Watching Government A shift in Ecuador

Feb. 24, 1997
With Patrick Crow from Washington, D.C. [email protected] Ecuador's recent political turmoil has oil companies wondering about their future investments there. President Abdala Bucaram took office last August with an agenda to end state subsidies for petroleum product prices, limit the power of unions, and boost foreign investment in the energy sector (OGJ, Nov. 4, 1996, p. 27). But the unpredictable Bucaram alienated the country with his economic austerity measures, and the Ecuadorian

Ecuador's recent political turmoil has oil companies wondering about their future investments there.

President Abdala Bucaram took office last August with an agenda to end state subsidies for petroleum product prices, limit the power of unions, and boost foreign investment in the energy sector (OGJ, Nov. 4, 1996, p. 27).

But the unpredictable Bucaram alienated the country with his economic austerity measures, and the Ecuadorian Congress ousted him earlier this month and canceled his controversial domestic initiatives.

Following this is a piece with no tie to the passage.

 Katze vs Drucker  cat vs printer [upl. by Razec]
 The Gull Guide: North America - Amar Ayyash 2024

Congress replaced Bucaram with Fabian Alarcon, who will preside as interim president until August 1998. Alarcon is a smooth politician known for his ability to negotiate and skill at taking middle-of-the-road positions on tough issues.

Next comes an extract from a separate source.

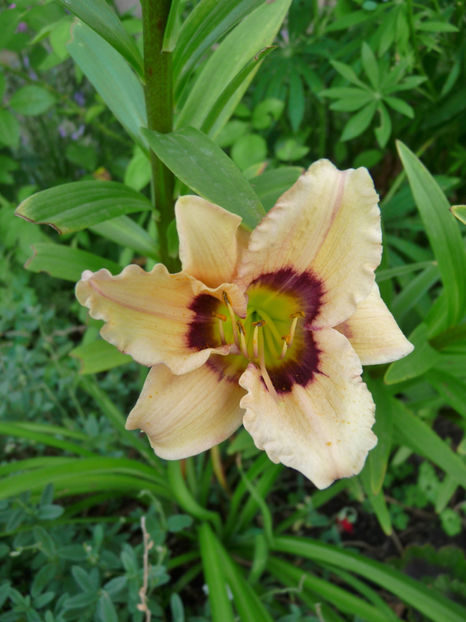  - Hemerocallis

Those aren't bad job qualifications for the presidency of a nation where 17 political parties are represented in an 82-member Congress.

As a centrist, Alarcon has not opposed privatization of Ecuador's industries or government subsidies for commodities.

Pipeline canceled

However, his appointment of Raul Baca as energy minister has foreign oil operators concerned. Baca is a liberal who, as a staunch supporter of labor unions, has criticized Ecuador's privatization efforts.

Baca immediately suspended a controversial international tender for the construction and operation of a 246,000 b/d pipeline from Sacha oil field in Oriente oil province to the Balao export terminal on the Pacific coast (OGJ, Feb. 17, 1997, p. 32).

He explained that the bidding process "lacked transparency." Baca also has declared that instead of building a new line, the existing trans-Andean pipeline be expanded by 50,000 b/d.

Some of the foreign operators of Ecuador's oil fields have been pressing for a new pipeline. They say exploration and production investments can't be justified if the existing line is running at capacity.

Under Baca, unions will see some restoration of their influence over oil policy decisions, and privatizations and subsidy elimination measures will be shelved for the time being.

The future

Despite its rollback of Bucaram's measures, the Alarcon administration is expected to be smoother than the previous regime, which fought a dispute with Maxus Energy Corp. with newspaper headlines and launched reviews of service contracts held by several oil companies.

But how the new administration handles another long controversy, Texaco's environmental cleanups at existing fields, could be the best indication of its attitude regarding foreign oil investments.

Officials of prior administrations could not decide whether to support the existing cleanup pact or demand a new one.

After a judge dismissed a suit last November that Ecuadorian Indians had filed in U.S. federal court against Texaco, Bucaram's government reversed Ecuador's position and decided to intervene on behalf of the Indian plaintiffs.

It will be hard for Alarcon to find the middle ground on that issue.